Project Canterbury

Dayspring in the Far West
Sketches of Mission-Work in North-West America

By M. E. Johnson

London: Seeley, Jackson and Halliday, 1875.

Chapter I. A Glance at the Country

British Possessions in North America, Extent.--Boundaries.--Climate.-- Minerals, Animals.--Future of the Country.--Responsibility of Britain.

THE British possessions in North America comprise an area of four millions of square miles. The extreme length from the Atlantic to the Pacific is 3000 miles, and from north to south 2000 miles; a territory larger than the whole of Europe, over which the British Queen reigns supreme. On the north, east, and west, this great territory is bounded by the ocean, excepting, however, the north-western corner, which formerly belonged to Russia, and now constitutes the province of Alaska, belonging to the United States. On the south it is separated from the American States by a line running along the 49th parallel of latitude as far as the Lake of the Woods, then along the south shore of Rainy Lake and River to Lake Superior, thence to Lake Huron, to the river and lake of St. Clair, through Lake-Erie, across Lake Ontario, down the St. Lawrence, until near Montreal, whence it runs along the 45th parallel of latitude as far as the 71st meridian of longitude; then it bends north till it meets the St. John's River, and once more bending south, it terminates in the Bay of Fundy, separating the State of Maine from New Brunswick. On the east is the Island of Vancouver, with several smaller islands.

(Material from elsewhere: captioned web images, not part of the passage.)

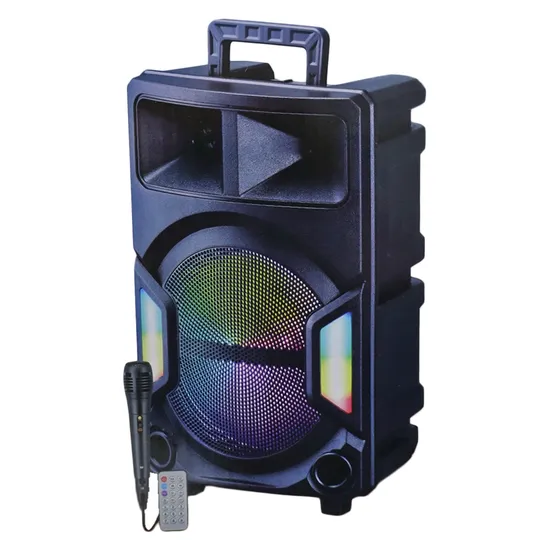 Caixa de Som Portátil Kandexs YE-1208 - 12" - Bluetooth - Auxiliar - Microfone com Fio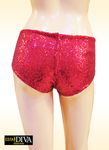 Glitter Beads Hot Pants - Brillo Franja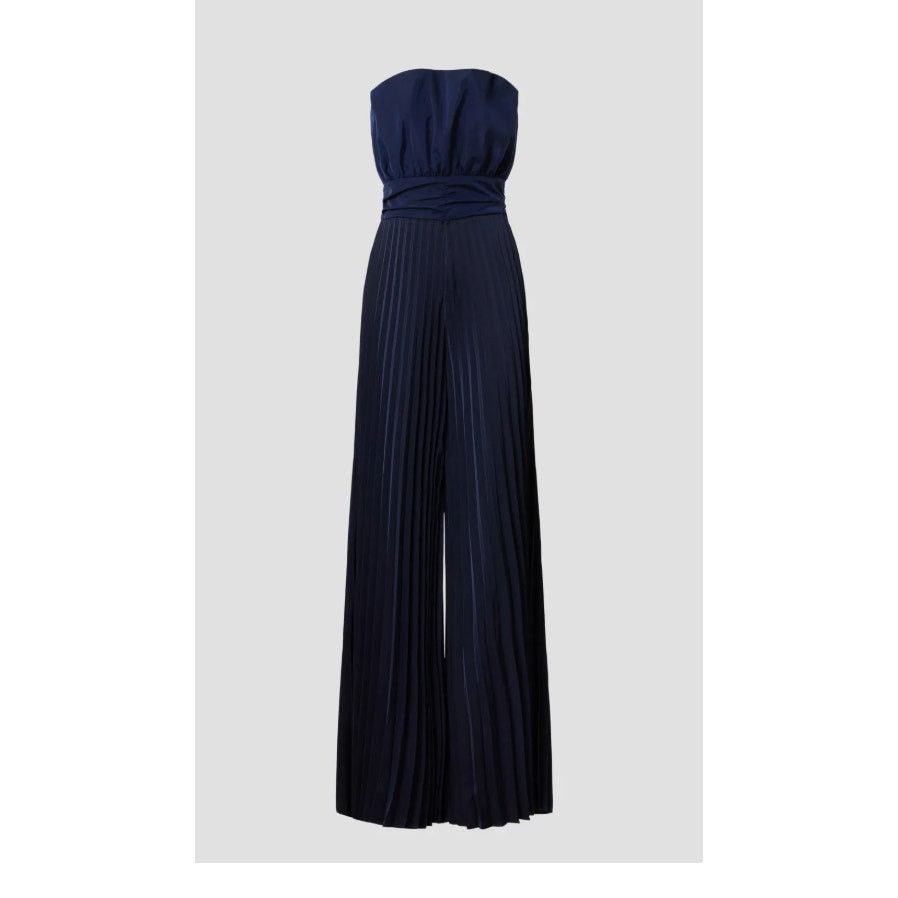 Other One 33 Social Navy Pleated Cocktail Formal Pantsuit Size 28" / US 6 / IT 42 - 4 Thumbnail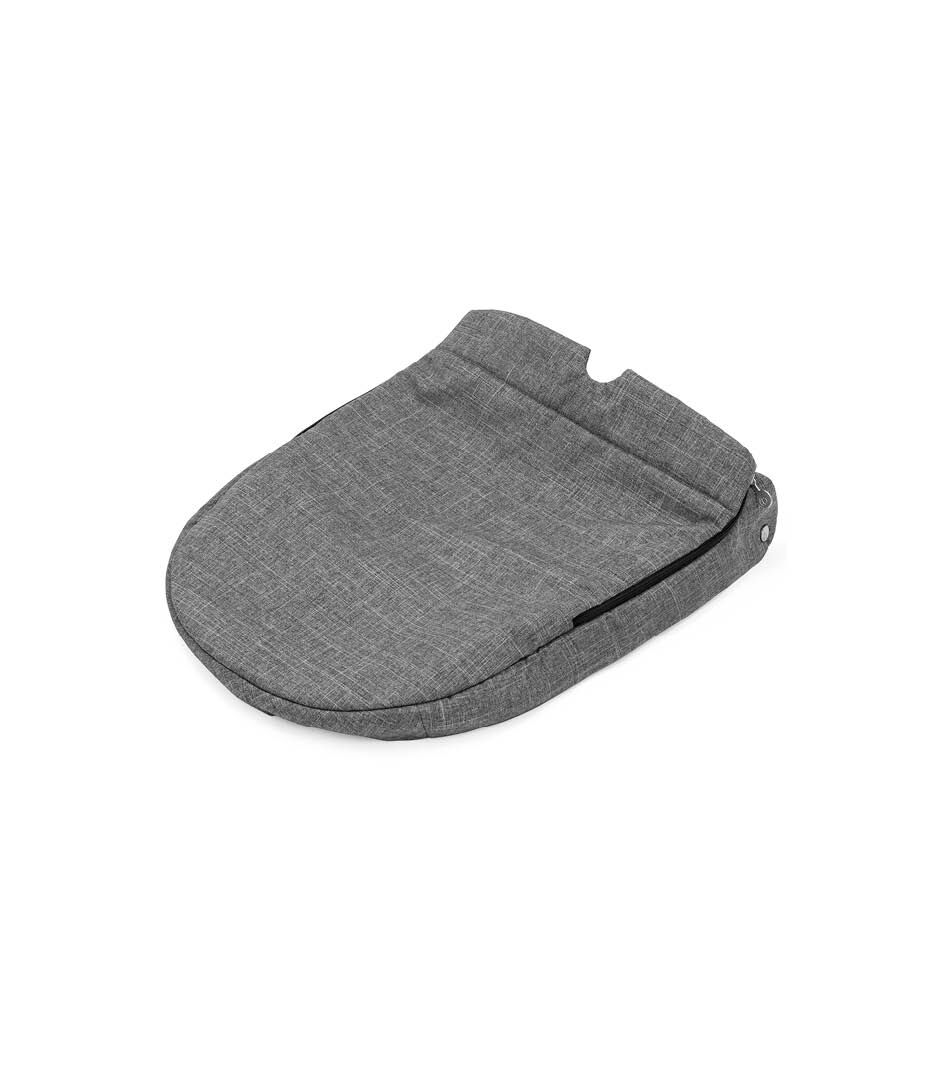Stokke® Beat Carry Cot storm cover, Black Melange, mainview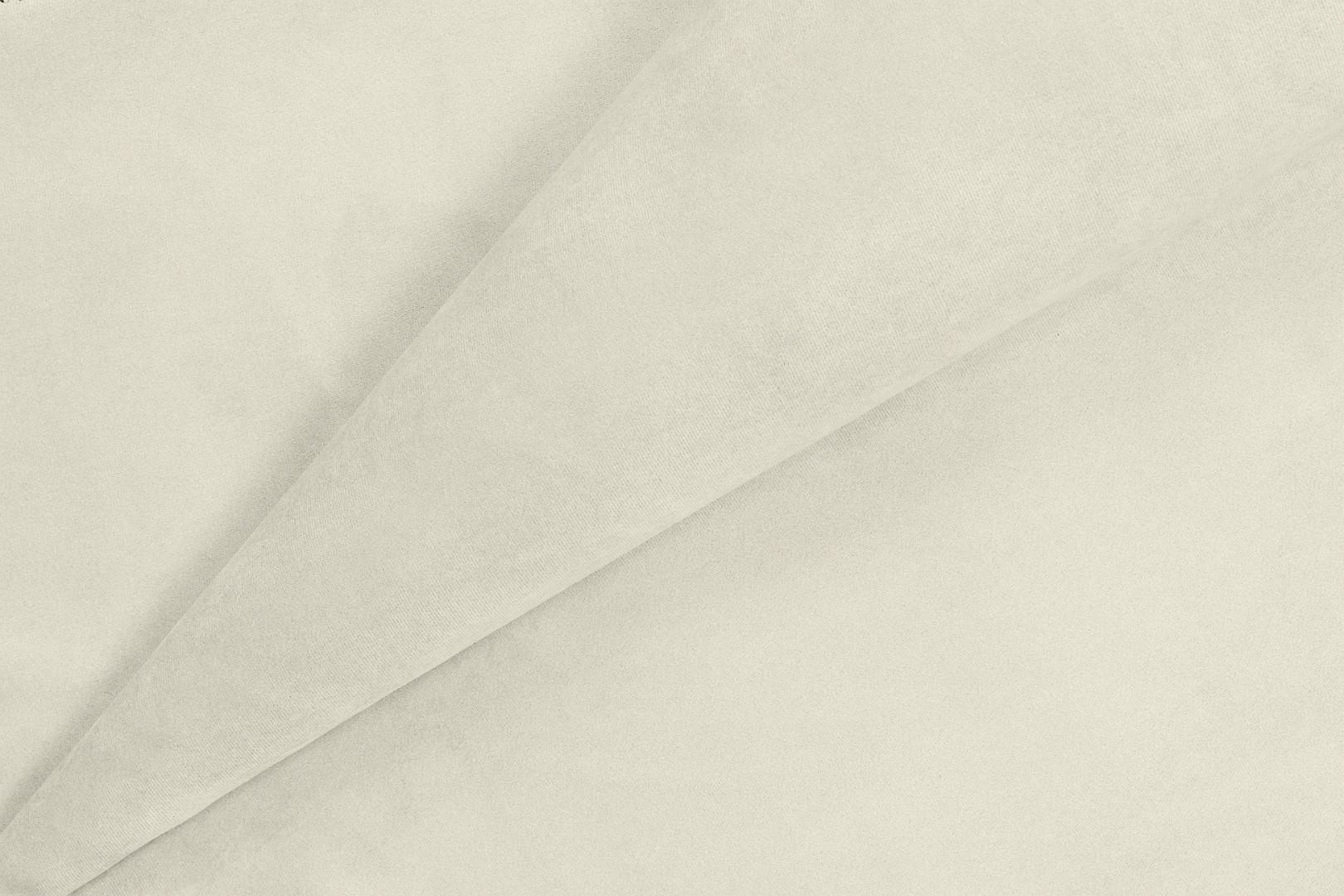 Диван Финка ДК с хром.бок. прямой Тк.Шторм 01 молочный 1 кат Апогей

What was formerly known as the Hudson's Bay Company's Territory is now included in the Dominion of Canada, comprising the whole of Central British America to the Pacific and the River Youcon on the west, and the Polar Sea on the north. "It has been calculated that the whole territory belonging to Britain is capable of supporting forty millions of inhabitants, of which Central British America might of itself maintain nineteen millions. As this is more than ten times its present population, this country will for many years to come present a magnificent field for colonization, and for the employment of British capital, and for the exercise of that energy and enterprise for which the British race is renciwned."

Considering the vast extent of this region, a remarkable uniformity of climate prevails; the western part is, however, warmer than the eastern, even at a higher degree of latitude. It is well adapted for English constitutions, and even for delicate persons the climate of the Peninsula of Western Canada is in many respects suitable.

The climate of the southern districts is much superior to the northern, yet extreme cold often prevails throughout the whole of British North America, the ground being sometimes covered for three or four months with several feet of snow. Nevertheless, the absence of fogs, and the serenity of the atmosphere, render the cold less felt, while the snow keeps the ground warm and enriches the soil, and when beaten down, timber and other things can be conveyed considerable distances on sleighs. The winter is longer than that of Europe, but it passes away quickly; the heat in summer is great, and cereals and fruits ripen rapidly. Even the winter in these colonies has its peculiar pleasures. Sleigh driving, skating boats, sailing on the ice, afford out-door amusement, while the long winter evenings afford time for the reading and study of God's Word, as well as for the cultivation of the mind. "So serene is the atmosphere," writes one who resided in this country, "that when the thermometer is at the lowest, the lumberer will work with no other covering on his shoulders than his flannel vest. The heat in summer is for a short time excessive, but the air is pure and dry, hence it is not oppressive. Spring is the most unpleasant part of the year, when the snow begins to melt, and mud prevails, but the hot sun and wind soon dry up the mud; the soil fertilized by the snow is soon arrayed in the tender hues of spring; the grass springs up immediately, and flowers and fruits come quickly to perfection.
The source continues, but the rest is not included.